On-line activists in West Virginia have launched a whistleblower web site called Honest Appalachia. It provides a means for whistleblowers to upload documents for public disclosure. The project’s lead developer, Garrett Robinson, told WFPL that the objective is to help local journalists get information about local issues that can help them make more useful reports about Appalachian issues. The project could benefit from the regional focus as local journalists are more likely to have the background necessary to assess the authenticity of submitted documents. Honest Appalachia is using open source software that anyone can download, and is even encouraging others to adapt and contribute to the software. The On-Line Submission Guide has helpful information for whistleblowers who want to avoid discovery of their identities. For example, don't access Honest Appalachia from a work computer. It can be monitored. Other tips explain how to use a public wifi site while reducing your risk of being identified.
A better way for whistleblowers to protect themselves, however, is to consult an experienced whistleblower attorney.
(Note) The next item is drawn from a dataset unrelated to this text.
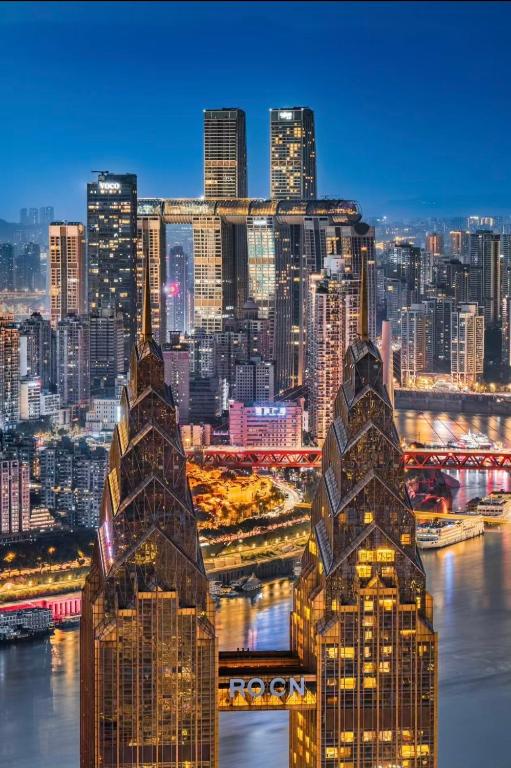 a view of a city skyline with tall buildings at Merica Hotel-ChongQing jiefangbei in Chongqing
A whistleblower website has no legal grounds to resist a subpoena seeking information about sources. An attorney does. Attorneys have a legal duty to maintain a client's confidences, and experienced attorneys will be in the best position to advise a whistleblower about other legal protections.
Given the Appalachian focus, we can expect that published documents will address environmental, economic and racial justice issues. Other issues can arise anywhere, so I will want to keep an open mind about what Honest Appalachia might yet reveal.